Cardiff students start petition against new ‘draconian’ Covid-19 policies
‘I’m constantly anxious’
Many Cardiff University students are enraged by the university’s new Covid-19 policies, complaining of unnecessary surveillance, unfair control and intimidation tactics, leading them to create and push a petition to scrap the rules.
On Monday February 15th, students received an email from Cardiff University’s Vice Chancellor, who informed them of the rules and responsibilities expected of students when they return to Cardiff.
One of the rules stated that “gatherings of more than four residents should not happen in communal areas including kitchens” and students within a designated household such as university flat accommodation have a “collective responsibility for behaviour within their shared communal spaces”.Another rule that enraged students was: “If you fail to report a breach of the rules you will be deemed collectively responsible with those who host parties”.
The Vice Chancellor also wrote that ID checks are being reintroduced at university residences and that students who have returned and have no symptoms are expected to get tested every week to check for Covid-19.
Are these rules draconian?
One student took to Overheard at Cardiff University’s Facebook page to claim that this email was an example of “pretty draconian stuff from a Vice Chancellor that is dispassionate, out of touch and unaccountable”, proceeding to state: “The VC’s a complete joke. Unworthy of his £225k pay cheque. About time he’s held to account…”.
Angry students have formed an online petition to scrap these “unjust” policies. The petition’s page says: “Cardiff University Residences introduced an array of new COVID-19 student regulations that seek to unfairly intimidate and control the day-to-day lives of students in University Halls”.
Students have likened halls to a prison
One student took to Cardiff Confessions to share their thoughts on these new regulations.
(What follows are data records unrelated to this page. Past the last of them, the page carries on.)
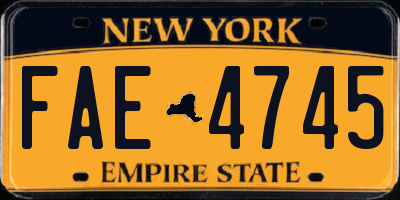 NY license plate FAE4745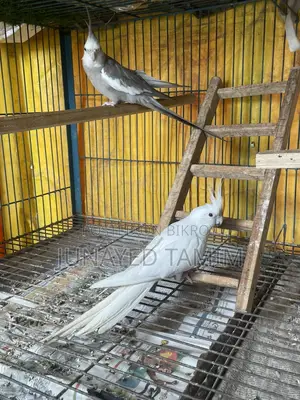 Grey Cocktail Running Male
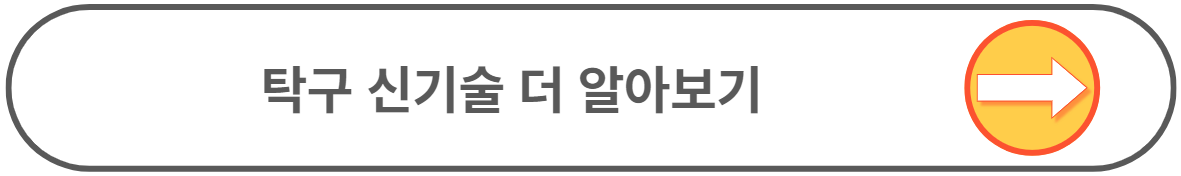 탁구 바나나플릭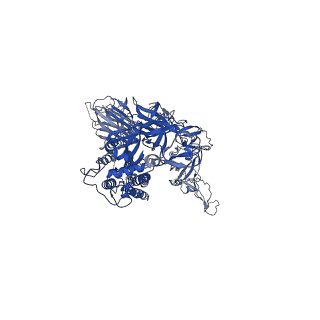 36906_8k5h_B_v1-0
Structure of the SARS-CoV-2 BA.1 spike with UT28-RD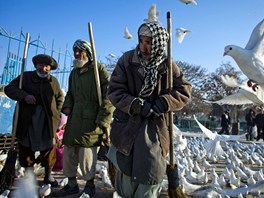 Afghánci s koaty stojí ped Modrou meitou v Mazáre arífu na severu zem a...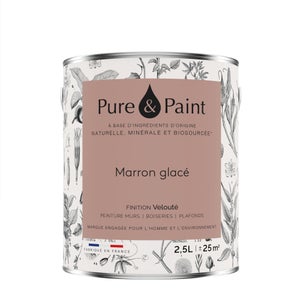 Peinture marron glace mur, plafond et boiserie , PURE  PAINT velours 2.5 l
The student likened the living environment to a prison, saying: “New security cameras are installed every week and they take logs/check times we leave/enter the flat with our keycards and question us on what we were doing”.
The student who lives at Talybont South, one of Cardiff University’s residence halls, went on to state: “Worst of all, even though I live in a flat with eight people, I’ve not been told that only four people are allowed in the kitchen at a time, and if even five people are in the kitchen at once, we will get a fine and a university warning”.
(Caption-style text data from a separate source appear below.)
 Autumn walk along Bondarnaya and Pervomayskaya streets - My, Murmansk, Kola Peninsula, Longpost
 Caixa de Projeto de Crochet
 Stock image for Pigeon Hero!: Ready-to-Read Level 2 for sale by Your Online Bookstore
Over 70 other students commented on this post, with one adding “the scaremongering tactics they use when something happens is downright criminal. We are all just sick of feeling like we’ve come to uni and are now being punished for it.”
Security aren’t wearing masks and are yelling at students
We reached out to the Cardiff students who are living in the halls which have been victim to these new regulations. Several students told us that most residences staff, housekeepers and security don’t wear masks when entering flats, however if a student fails to get a mask during a fire alarm they are “yelled at”.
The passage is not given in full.